Aim of the task
Using the listing below, give again exactly the lines from the line with "Today we'll talk" to the line with "You simply just", inclusive, without the pictures.

*** Opening Given entries ***

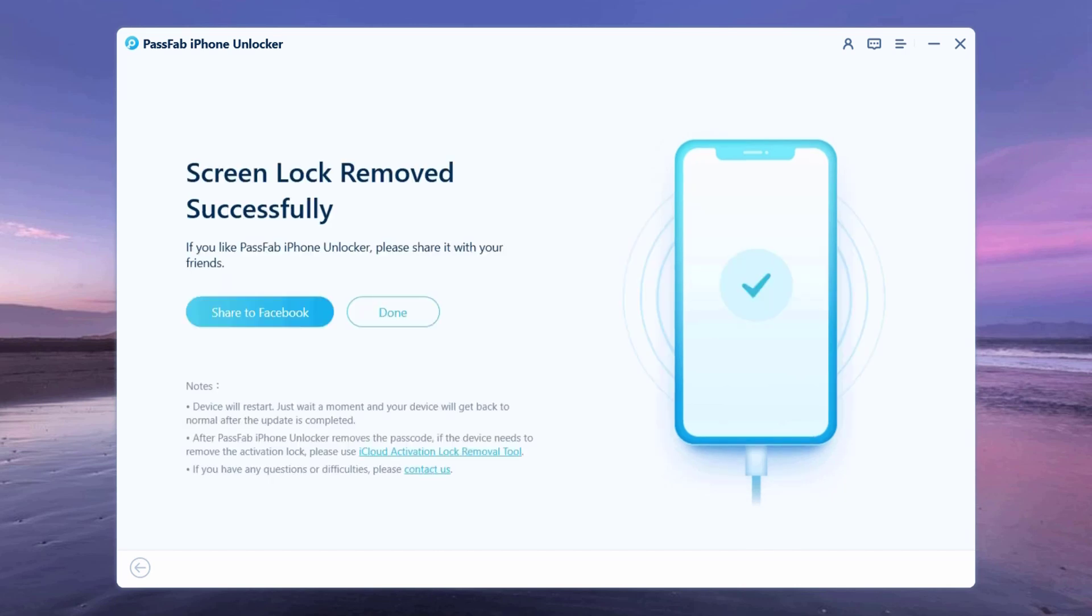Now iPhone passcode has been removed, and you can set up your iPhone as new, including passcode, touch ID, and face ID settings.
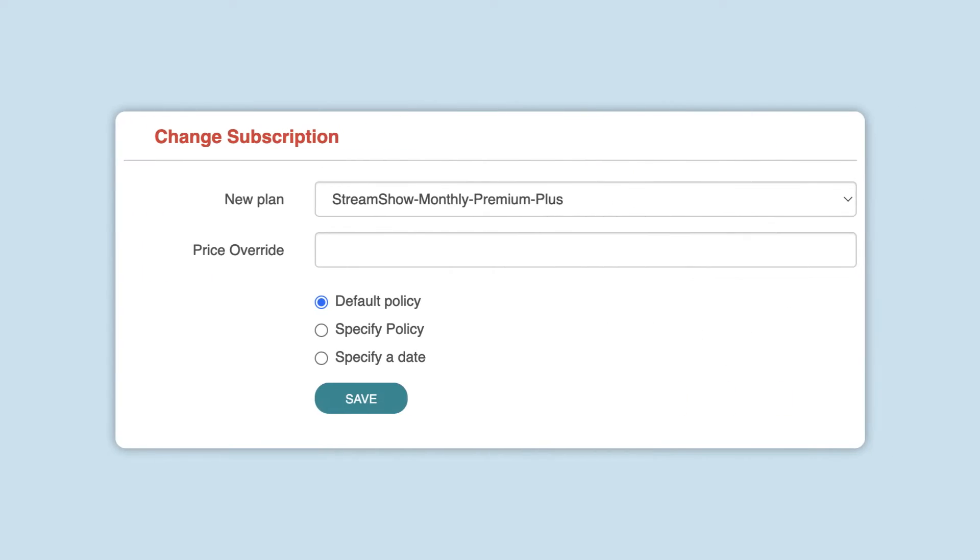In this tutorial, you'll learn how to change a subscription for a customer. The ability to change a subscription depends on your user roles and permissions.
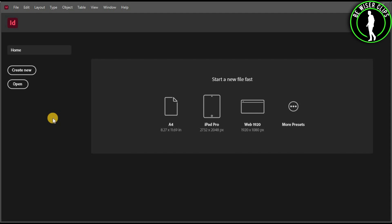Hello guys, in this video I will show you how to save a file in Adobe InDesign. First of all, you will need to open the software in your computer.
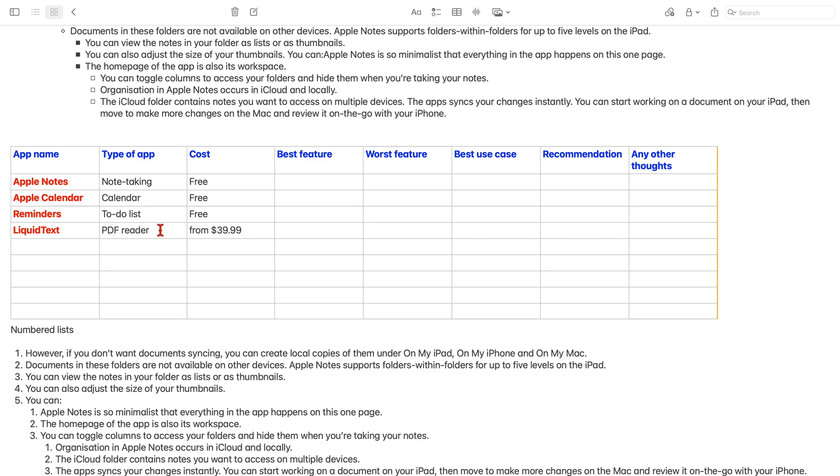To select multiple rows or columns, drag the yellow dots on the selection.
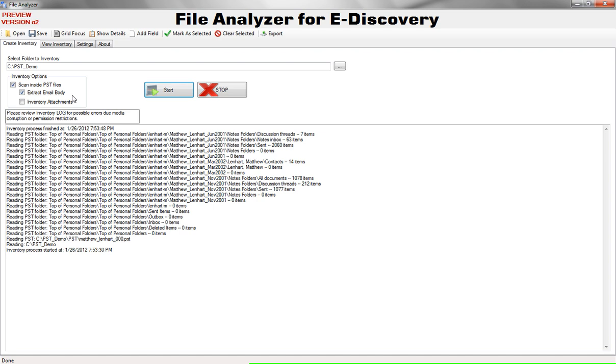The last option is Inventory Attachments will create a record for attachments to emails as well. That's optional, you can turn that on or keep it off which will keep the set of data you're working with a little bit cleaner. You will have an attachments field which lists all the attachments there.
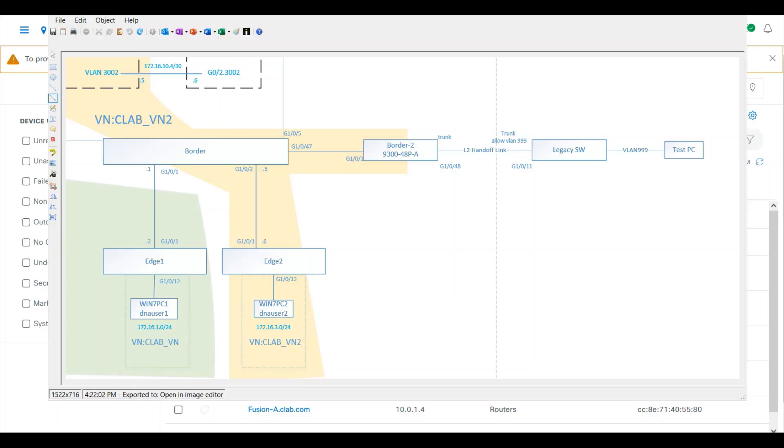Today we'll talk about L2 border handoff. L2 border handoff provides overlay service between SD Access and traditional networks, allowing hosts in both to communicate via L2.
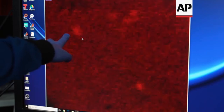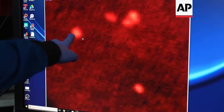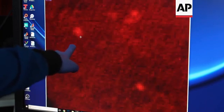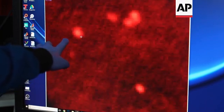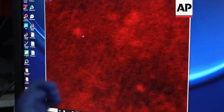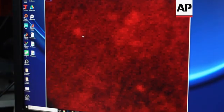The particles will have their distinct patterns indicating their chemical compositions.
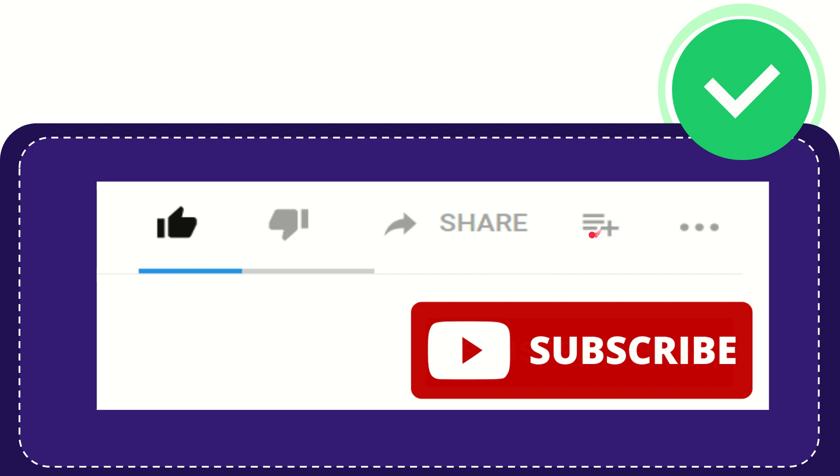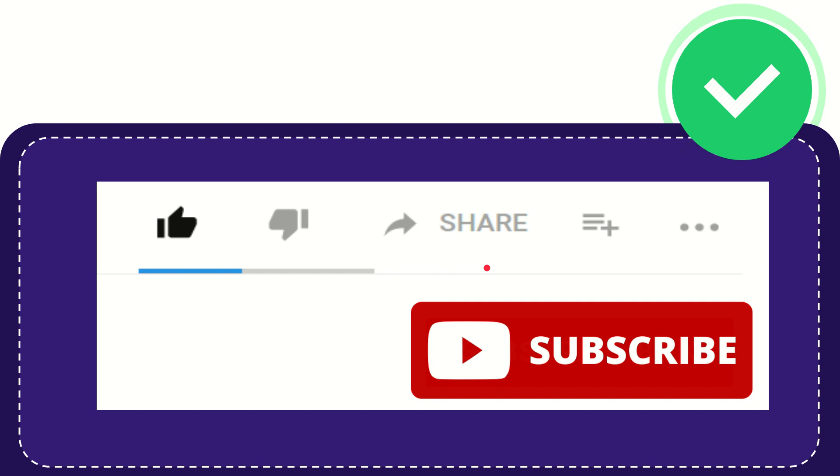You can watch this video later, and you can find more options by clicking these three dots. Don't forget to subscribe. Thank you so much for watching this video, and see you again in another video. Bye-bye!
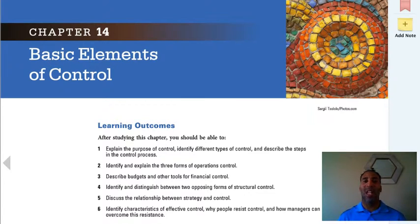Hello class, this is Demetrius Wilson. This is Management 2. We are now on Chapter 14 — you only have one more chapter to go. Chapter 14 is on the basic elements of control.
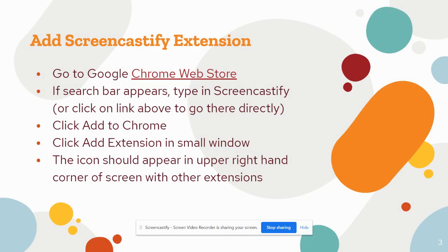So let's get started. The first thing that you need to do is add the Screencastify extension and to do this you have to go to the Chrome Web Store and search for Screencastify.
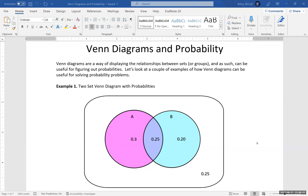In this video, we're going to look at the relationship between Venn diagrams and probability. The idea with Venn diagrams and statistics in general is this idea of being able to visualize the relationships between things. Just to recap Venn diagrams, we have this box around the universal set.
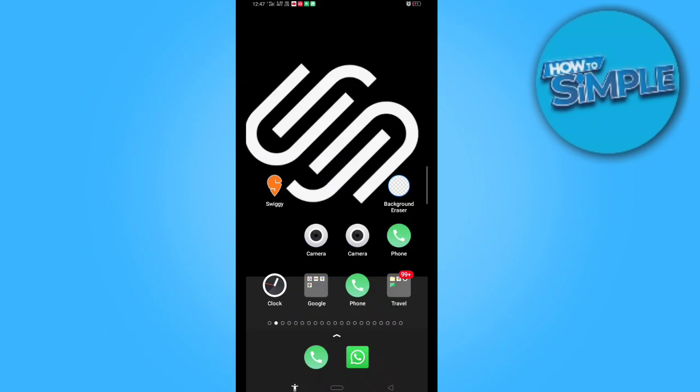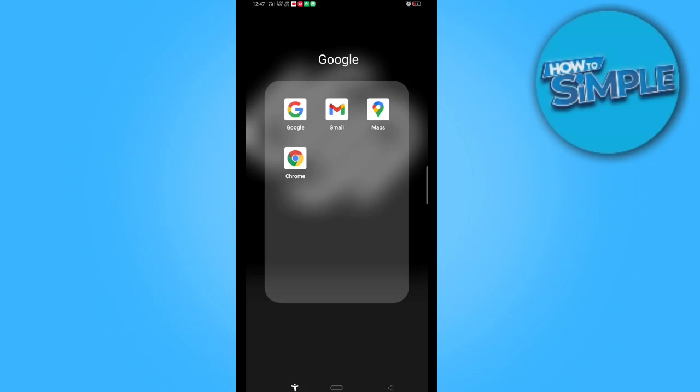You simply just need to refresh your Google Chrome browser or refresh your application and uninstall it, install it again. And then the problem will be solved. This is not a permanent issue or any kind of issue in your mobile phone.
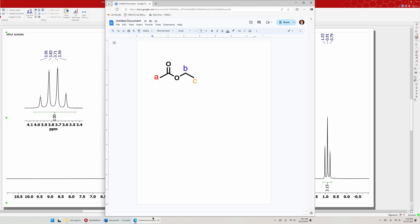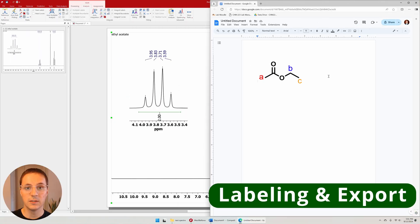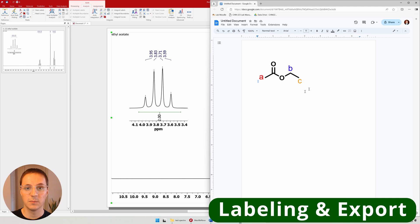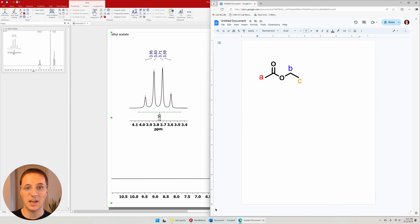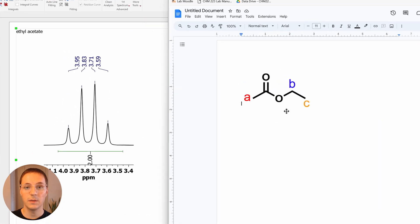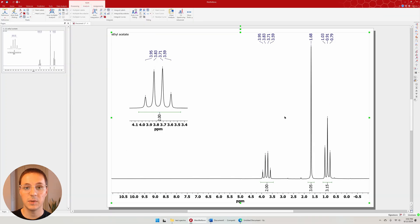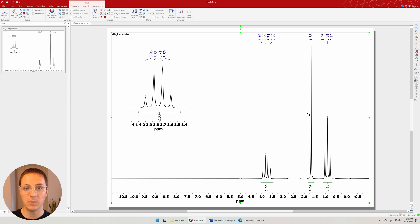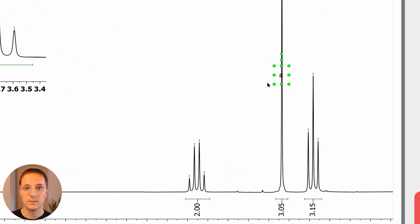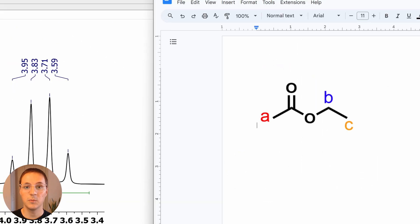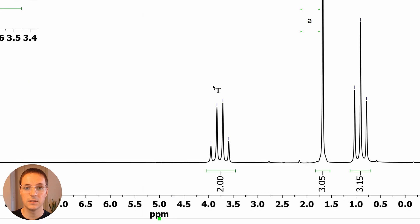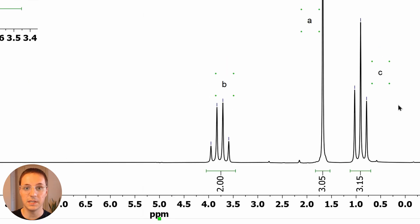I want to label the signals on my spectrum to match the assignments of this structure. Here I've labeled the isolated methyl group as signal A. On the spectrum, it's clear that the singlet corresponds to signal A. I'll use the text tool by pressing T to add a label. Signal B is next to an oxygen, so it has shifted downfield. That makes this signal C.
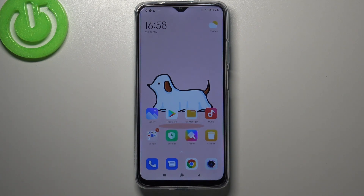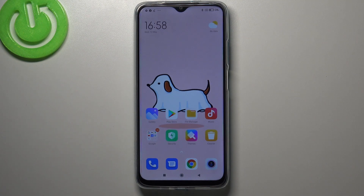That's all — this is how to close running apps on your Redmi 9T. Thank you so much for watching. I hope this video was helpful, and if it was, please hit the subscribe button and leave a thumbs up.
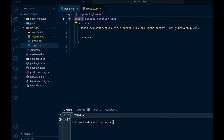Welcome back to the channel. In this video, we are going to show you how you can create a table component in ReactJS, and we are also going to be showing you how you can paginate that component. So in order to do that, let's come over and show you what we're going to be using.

*** Closing Given entries ***

Result of the exercise
Today we'll talk about L2 border handoff. L2 border handoff provides overlay service between SD Access and traditional networks, allowing hosts in both to communicate via L2.
The particles will have their distinct patterns indicating their chemical compositions.
You can watch this video later, and you can find more options by clicking these three dots. Don't forget to subscribe. Thank you so much for watching this video, and see you again in another video. Bye-bye!
Hello class, this is Demetrius Wilson. This is Management 2. We are now on Chapter 14 — you only have one more chapter to go. Chapter 14 is on the basic elements of control.
So let's get started. The first thing that you need to do is add the Screencastify extension and to do this you have to go to the Chrome Web Store and search for Screencastify.
In this video, we're going to look at the relationship between Venn diagrams and probability. The idea with Venn diagrams and statistics in general is this idea of being able to visualize the relationships between things. Just to recap Venn diagrams, we have this box around the universal set.
You simply just need to refresh your Google Chrome browser or refresh your application and uninstall it, install it again. And then the problem will be solved. This is not a permanent issue or any kind of issue in your mobile phone.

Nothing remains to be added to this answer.